This email is the paypal email, its not used for company contact, so why would i check here? why would they not call even? why do they not ship the product i ordered on a public store where my card has already been billed? either way this is a minor issue. they also sent with direct signature... i have ordered presses that cost nearly 100k and never had a direct signature required, this means the receiver of the package must be present with ID at the time of delivery, it took us 3 days and a 1.5 hour drive to get this after arriving in our area, 7 days total shipping, 10 days waiting to ship.


the fourth and fifth:

So after all this, i get the vat, go to use it.... i explain i received it and asked 1 last time why she cared where i got it? she stated "we need to know so we know what type of machine you have exactly", i say ok that is fair and finally answer teh question with more detail stating the name of the guy i have worked with after the purchase.

i also add that because i realized i needed a firmware update to use this new solid gold "super" vat i would nicely ask for the software to update the firmware for me. i get this response:

" i am sorry ,we can not help you, you purchased from a third party and you will have to pay a transfer fee before we can help you" 

but they had no issue selling me a non refundable product that they knew i could not use.

at this point i lost it, i have never seen a company act like this. you offer a product to the public for public purchase and you ship to me and bill my card, a product that is NON REFUNDABLE (because it does not work) and then you blackmail me for more money before i can get the proper software to use the thing i just purchased? that is pure and simple blackmail, i have no choice but to pay this fee so that i can use the piece of garbage i just purchased.... you have to be kidding me....

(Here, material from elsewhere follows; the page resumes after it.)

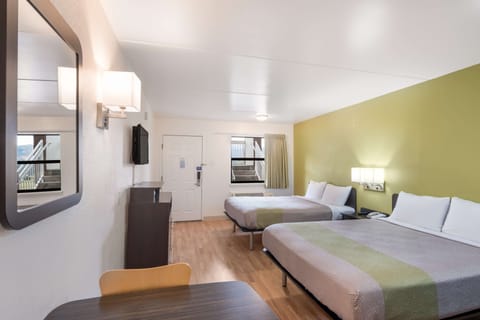 Deluxe Room, 2 Queen Beds, Non Smoking, Kitchenette | Desk, laptop workspace, blackout drapes, iron/ironing board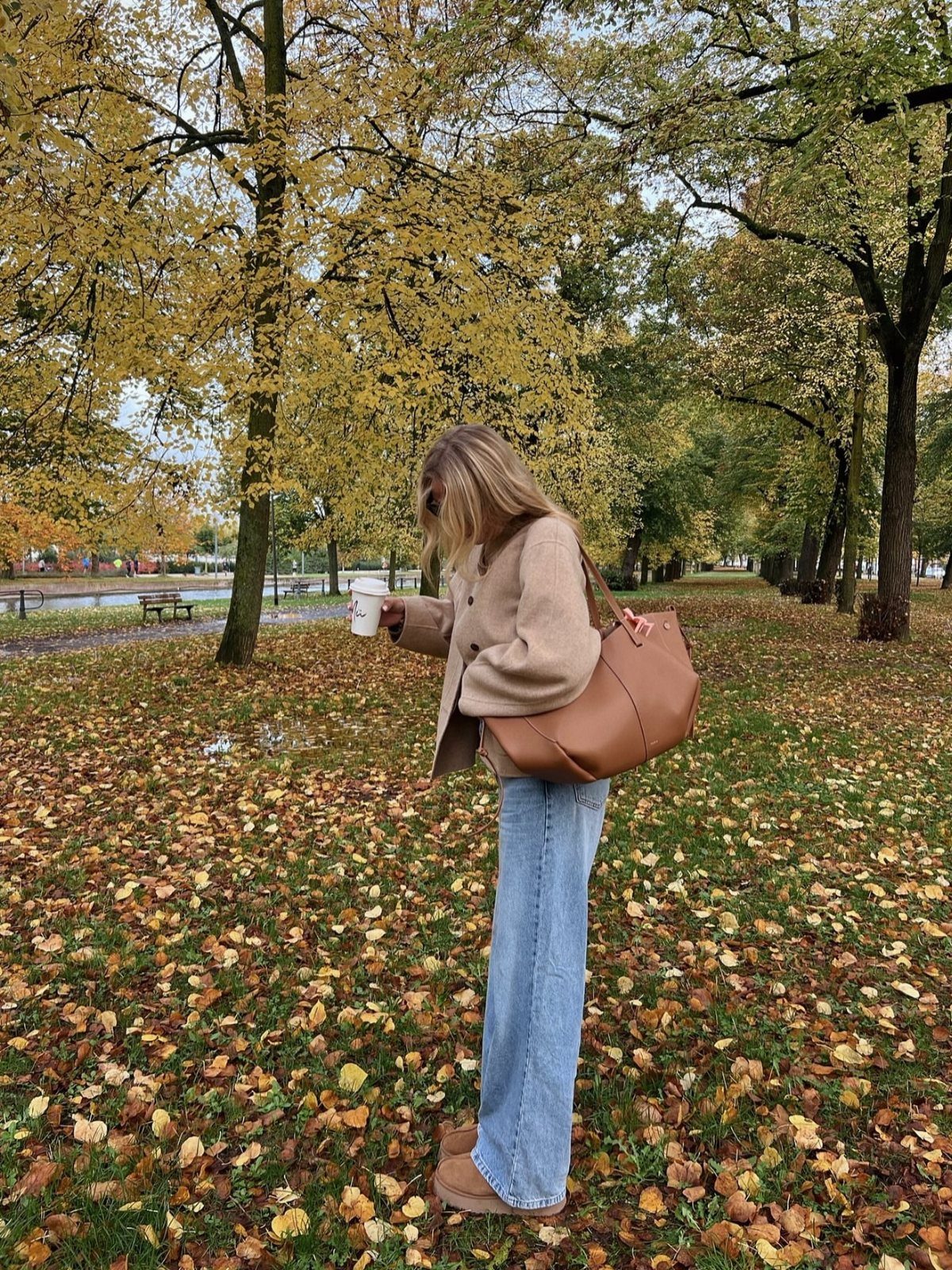 Woman in beige cardigan, wide-leg jeans, and tan boots standing in autumn park.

I have had years of contact with FSL, was about to purchase a very high dollar scanning fiber laser marker (my third laser from them) but i will no longer do this. I have dealt with FSL for years and they have been top notch but this FSL3D division is a skid mark on the name of FSL, they are a disgrace to what that company has built and deserve to loose everything to the far superior competition.

I am not backing any horse in this race, the Pegasus is a sub par printer, great quality when the prints ocme out but i cant waste all this resin waiting and hopin gfor a great print. countless times i have printed properly iwth proper support placement and on a 100ml+ print it will have a layer not stick at the very end, within the last 1000 layers which makes the whole print 100% useless.


This company is all about keeping their hardware and software proprietary, i have had otehr wrongs done by them, atleast 3 others, 1 major that i have not listed for personal reasons but i hope you all STAY AWAY. I have money to waste fortunately, i am not upset about having to pay money when money is due, i run a business and tehse printers make me more money then i could ever spend on maitenance but i will never bend over for a company nomatter what they sell. I tried to keep this as unbiased as possible, this all happened awhile ago and i had time to cool down and look at things logically but they broke the camels back. I am posting this purely to inform, not to get my way from them, i already stated i am done doing business iwth them and i am sure the ywill change their mind but i would much rather be vocal to help others as opposed to being pacified just to allow others to be scammed by this silver spoon company. they started with a silver spoon in their mouth, they never had the trials most companies do when getting started like FSL did, they are greedy and much like every other greedy company out there they will never be #1 as they do not have the reputation to permit the level of greed they have.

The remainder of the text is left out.